The eleventh amendment does not, however, bar a suit seeking declaratory or injunctive relief against state officials acting in their official capacity. Ex parte Young, 209 U.S. 123, 28 S.Ct. 441, 52 L.Ed. 714 (1908). When a state officer violates federal constitutional mandates, even when carrying out state policy, he is ‘stripped of his official or representative character and is subjected in his person to the consequences of his individual conduct.’ ” Laskaris v. Thornburgh, 661 F.2d at 26, quoting Ex parte Young, 209 U.S. at 160, 28 S.Ct. at 454. See Spicer v. Hilton, 618 F.2d 232 (3d Cir. 1980). For eleventh amendment purposes, the suit is against the officer as an individual, although his action is still “state action” for purposes of 42 U.S.C. § 1983 and the fourteenth amendment. See Quern v. Jordan, 440 U.S. 332, 99 S.Ct. 1139, 39 L.Ed.2d 358 (1979); Spicer v. Hilton, 618 F.2d at 237. Thus, to the extent that plaintiff’s complaint seeks prospective relief against state officials, we have the power to grant it. We turn, therefore, to the individual defendants’ argument that plaintiff’s complaint fails to state a claim upon which relief can be granted.
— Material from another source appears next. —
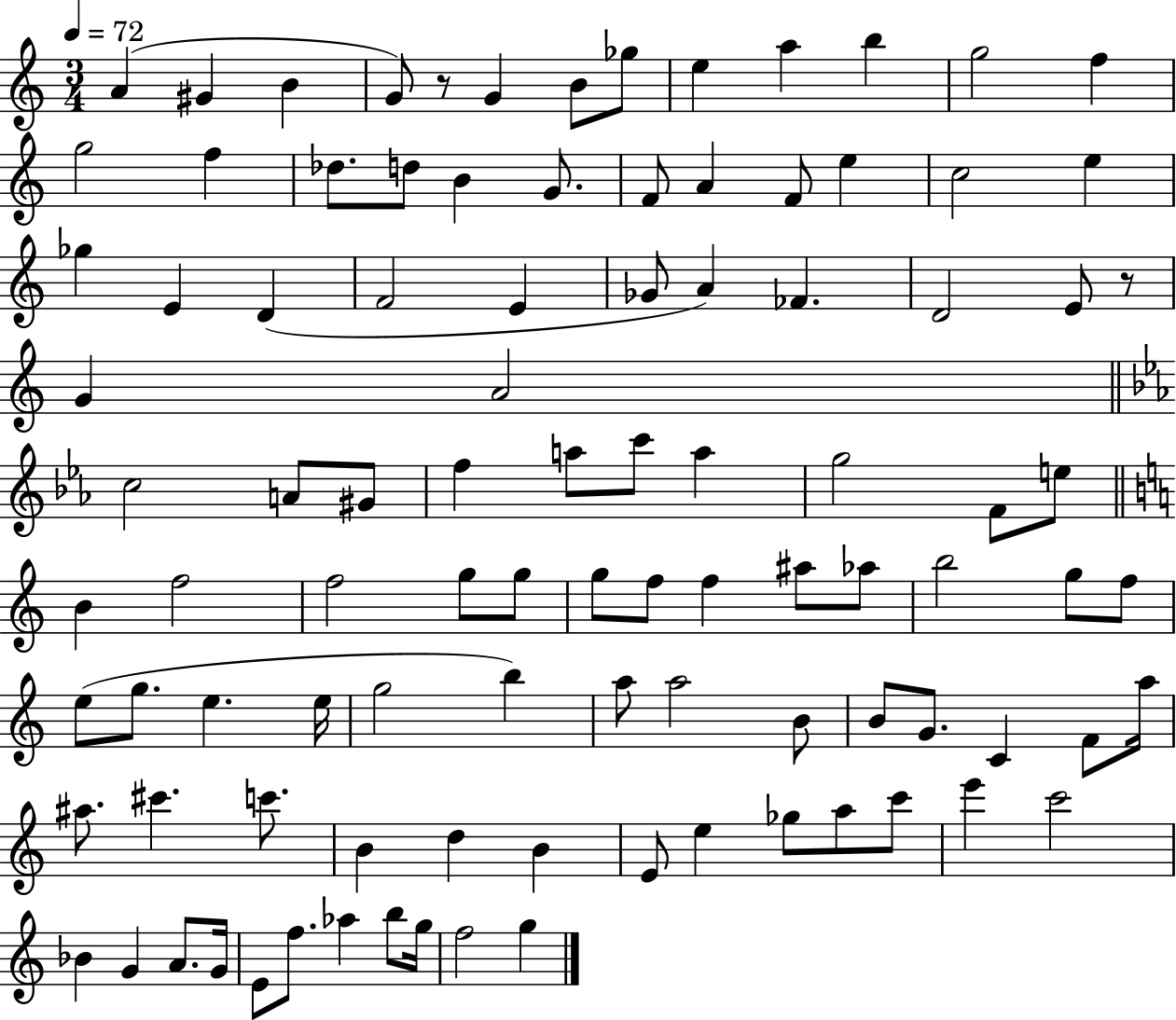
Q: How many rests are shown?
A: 2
In considering a motion to dismiss for failure to state a claim we must accept as true all well-pleaded allegations in the complaint. See Miree v. DeKalb County, Georgia, 433 U.S. 25, 27 n. 2, 97 S.Ct. 2490, 2492 n. 2, 53 L.Ed.2d 557 (1977). The facts in this case are not in dispute. Pursuant to section 9 of the Pennsylvania Election Code, plaintiff is not permitted to cross-file. The principle thrust of plaintiff’s argument is that the individual defendants, acting under color of state law in applying section 9, have violated plaintiff’s equal protection rights because the law discriminates against legislative candidates by denying them the cross-filing privileges permitted judicial candidates.
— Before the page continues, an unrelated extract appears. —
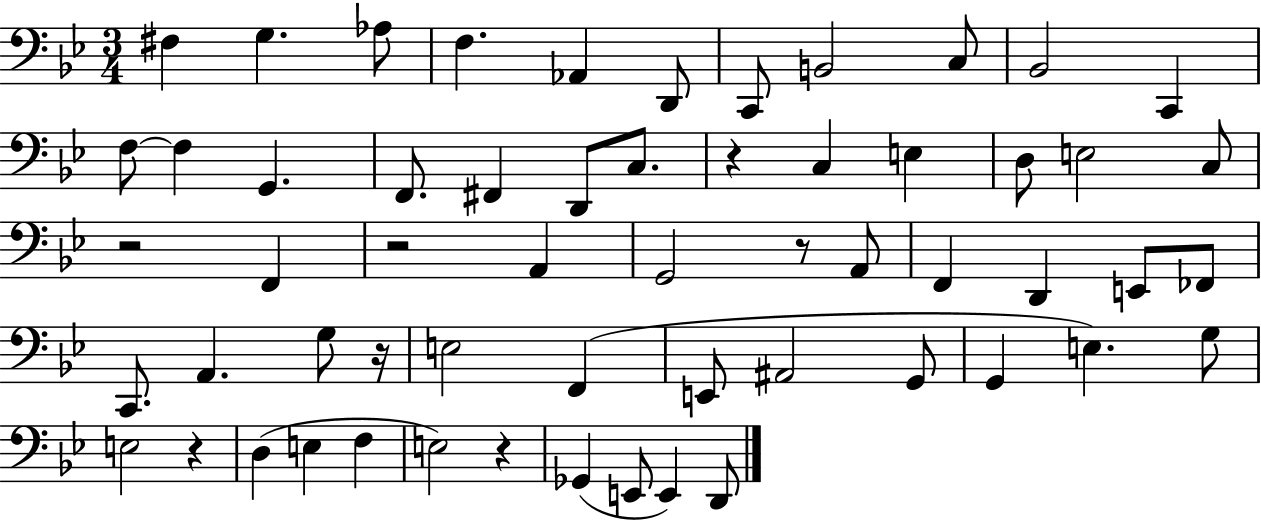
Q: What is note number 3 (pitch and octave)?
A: Ab3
Plaintiff urges this court to apply a strict scrutiny analysis to the classification at issue. Such an exacting standard of review, however, has been reserved for instances in which a “fundamental” constitutional right or a “suspect” classification is present. See *882 Plyler v. Doe, -U.S.-,-n. 2, 102 S.Ct. 2382, 2406 n. 2, 72 L.Ed.2d 186, n. 2 (1982) (Powell, J., concurring). Neither is present here. Despite his assertions to the contrary, plaintiff is not a member of a suspect class simply because he is a “non-lawyer, non-judicial candidate.” See generally San Antonio School Dist. v. Rodriguez, 411 U.S. 1, 28, 93 S.Ct. 1278, 1294, 36 L.Ed.2d 16 (1973); Mass. Bd. of Retirement v. Murgia, 427 U.S. 307, 313, 96 S.Ct. 2562, 2567, 49 L.Ed.2d 520 (1976). Nor is candidacy itself a fundamental right. See Clements v. Fashing, -U.S. -,-, 102 S.Ct. 2836, 2843, 73 L.Ed.2d 508 (1982); Bullock v. Carter, 405 U.S. 134, 143, 92 S.Ct. 849, 856, 31 L.Ed.2d 92 (1972). Therefore, traditional equal protection analysis would require that our inquiry focus on and be limited to whether the legislative classification at issue bears a rational relationship to a legitimate state purpose. See Vance v. Bradley, 440 U.S. 93, 97, 99 S.Ct. 939, 943, 59 L.Ed.2d 171 (1973).